[Data shown]
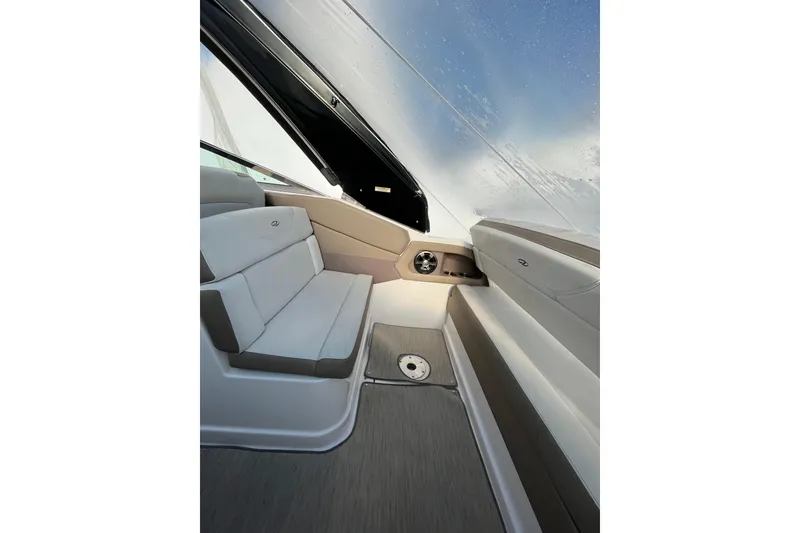 Slide: The Image of 2017 Regal 28 Express cabin interior with wooden steps and compact sleeping area. - 23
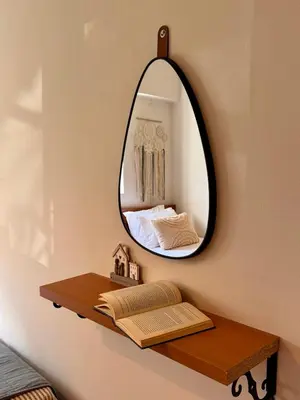 a mirror on a wall with a book on a shelf at Rodosia Apartment IN Rhodes in Rhodes Town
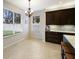 Bright kitchen nook with tile flooring, modern chandelier, and stainless steel coffee machine on the counter at 4255 67Th Avenue E Cir, Sarasota, FL 34243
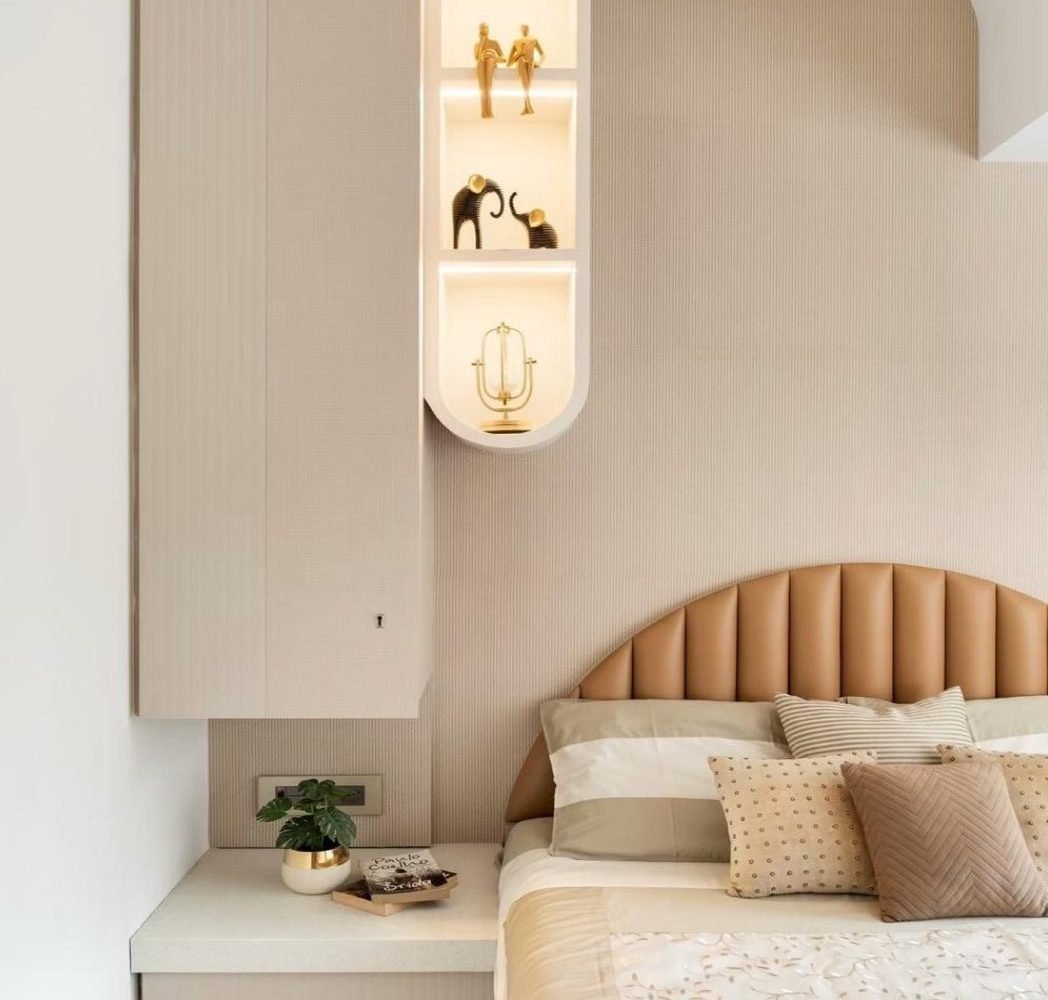 Bedroom with channelled leather headboard and lit display niche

[The problem]
Only the pictures are to be left out; repeat all other material exactly.

[Task solution]
 Slide: The Image of 2017 Regal 28 Express cabin interior with wooden steps and compact sleeping area. - 23
 a mirror on a wall with a book on a shelf at Rodosia Apartment IN Rhodes in Rhodes Town
 Bright kitchen nook with tile flooring, modern chandelier, and stainless steel coffee machine on the counter at 4255 67Th Avenue E Cir, Sarasota, FL 34243
 Bedroom with channelled leather headboard and lit display niche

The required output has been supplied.